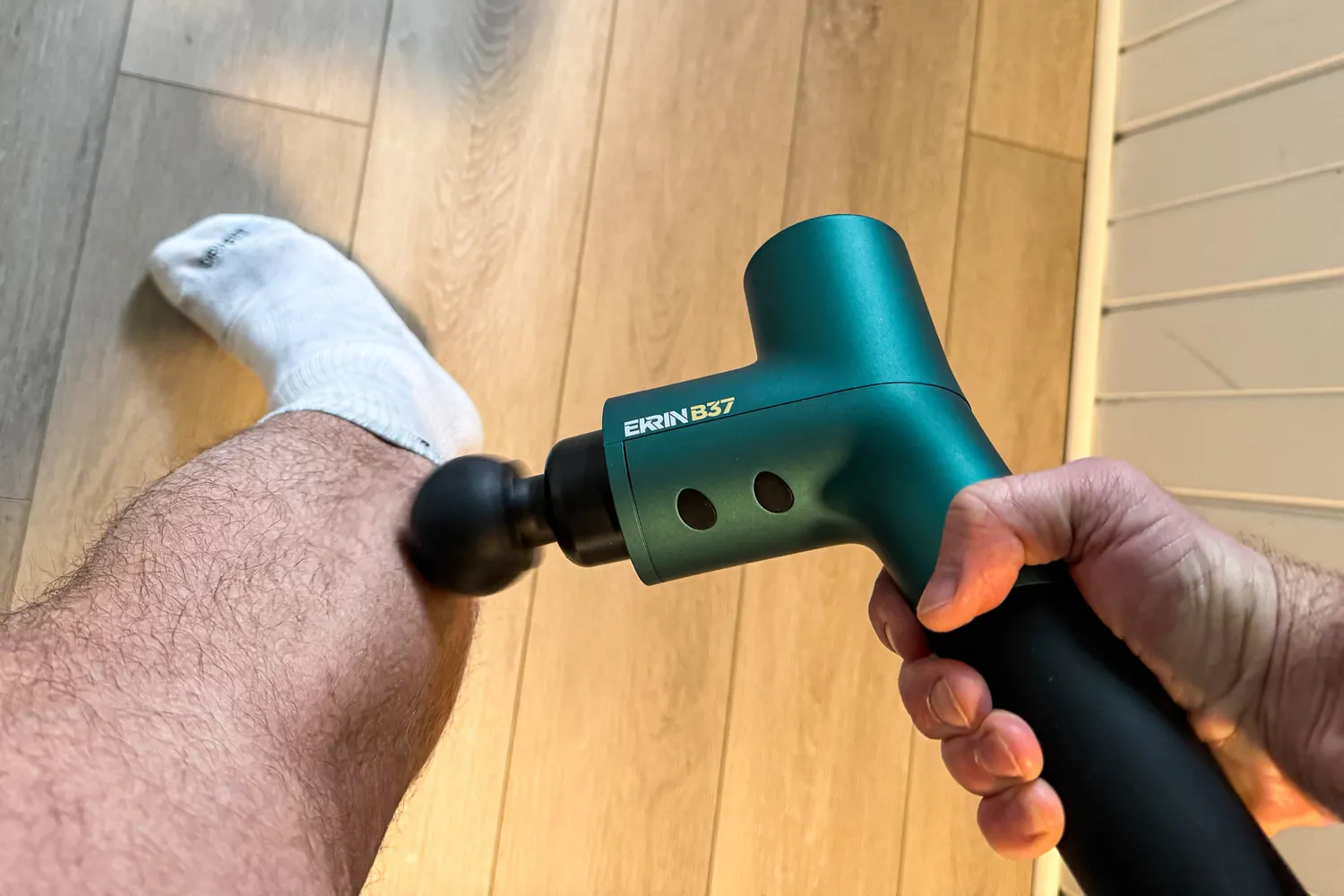 A person uses the Ekrin B37 Massage Gun on their leg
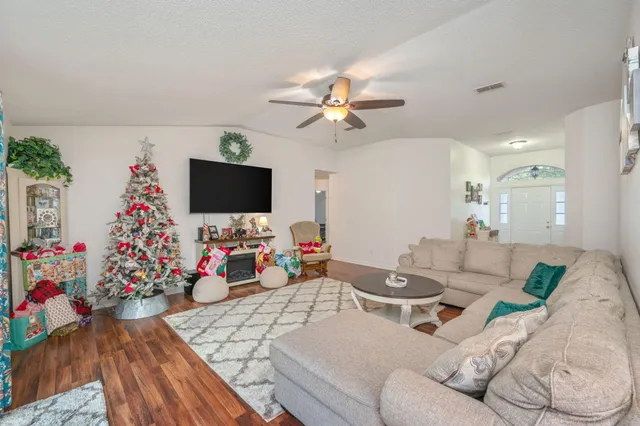 a living room with furniture and a flat screen tv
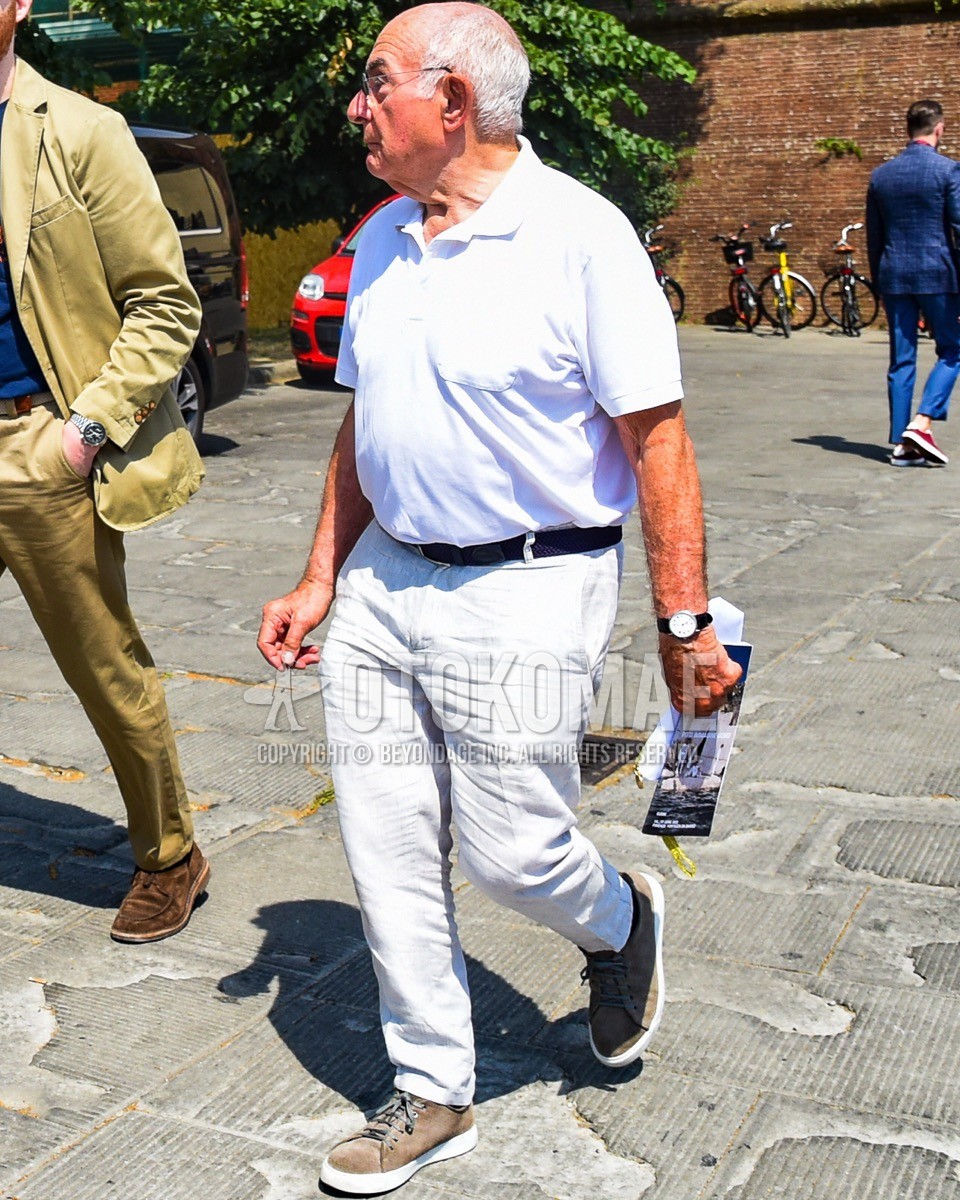 Men's spring summer outfit with silver plain glasses, white plain polo shirt, navy plain braided belt, white plain cotton pants, brown low-cut sneakers.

• **Work task**:
With the pictures set aside, write out the whole listing exactly.

• **Your response**:
 A person uses the Ekrin B37 Massage Gun on their leg
 a living room with furniture and a flat screen tv
 Men's spring summer outfit with silver plain glasses, white plain polo shirt, navy plain braided belt, white plain cotton pants, brown low-cut sneakers.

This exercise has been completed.